There’s healing in honesty. Not just between us and God, but between us and the people walking beside us.
It’s hard, though. Vulnerability can feel risky (and IS risky). What if they judge me? What if I become a burden? What if they use this against me? What if they walk away?
But what if they don’t?
What if, instead, they lean in closer?
What if your honesty gives them the courage to be honest, too?
What if your shared struggle becomes sacred ground where God does His best work?
Galatians 6:2 challenges us:
“Carry each other’s burdens, and in this way you will fulfill the law of Christ.”
We can’t carry each other’s burdens if we don’t know what they are. And no one can carry yours if you never speak them aloud.
Oof. I need a minute with that.
I struggle to let people see the full picture of who I am: the doubts, the failures, the parts still under construction. But the few friendships where I have let someone see the whole me? Those are the most freeing and life-giving relationships I have. I can share my whole self without worry that they’ll leave or hold it against me.
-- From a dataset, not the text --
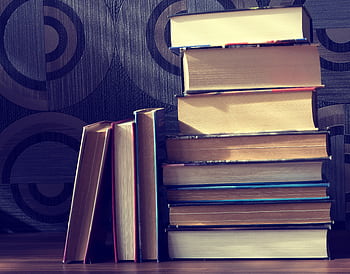 A pile of hardcover books with a vintage vibe, perfect for literature lovers. HD wallpaper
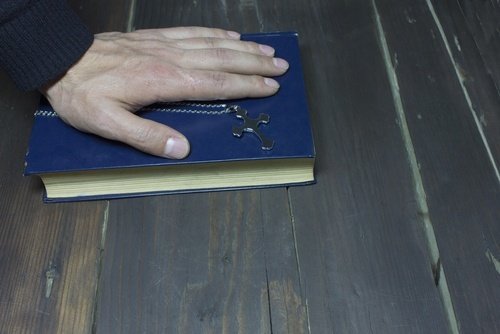 hombre poniendo la mano sobre la Biblia - dar un testimonio falso bajo juramento puede ser procesado como perjurio en Colorado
And they’re the ones who give gracious reminders even when they see and know our true whole (messy, faulty) selves.
2 Corinthians 12:9 reminds us of a powerful truth:
“But he said to me, ‘My grace is sufficient for you, for my power is made perfect in weakness.’ Therefore I will boast all the more gladly about my weaknesses, so that Christ’s power may rest on me.”
When we share our weakness, we create space for Christ’s power to shine through.
Vulnerability isn’t a liability—it’s a gateway to deeper connection, deeper healing, and deeper growth.
And in the search for deeper, once you pull off that scab, you’ll find something sacred:
freedom, growth, and the grace to become a fuller version of you God created you to be.
Writing that was hard. But it felt kind of freeing, too. Praying you can find freedom in vulnerability in your friendships, too.